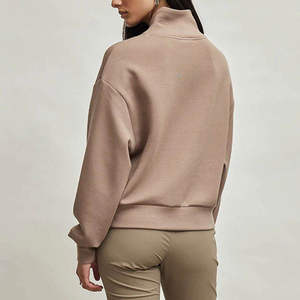 2026 Women's High Neck Oversize Crop <b>Jumper</b> With Lapel 100% Cotton Sports Breathable Half <b>Zip</b> Sweatshirt Wholesale for Winter - Product Image 3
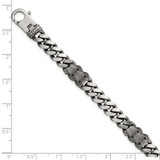 Sterling Silver Black Ruthenium-plated Brushed and Textured Fancy Flat Curb Chain Mens 8.5 inch Bracelet
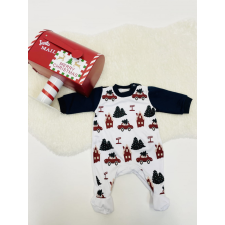  Belül bolyhos hosszú ujjú baba rugdalozó karácsonyi mintával rugdalózó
::::
● What this task involves:
Nothing but an exact copy of the data, without its images, should make up your answer.

● Answer space:
 2026 Women's High Neck Oversize Crop <b>Jumper</b> With Lapel 100% Cotton Sports Breathable Half <b>Zip</b> Sweatshirt Wholesale for Winter - Product Image 3
 Sterling Silver Black Ruthenium-plated Brushed and Textured Fancy Flat Curb Chain Mens 8.5 inch Bracelet
  Belül bolyhos hosszú ujjú baba rugdalozó karácsonyi mintával rugdalózó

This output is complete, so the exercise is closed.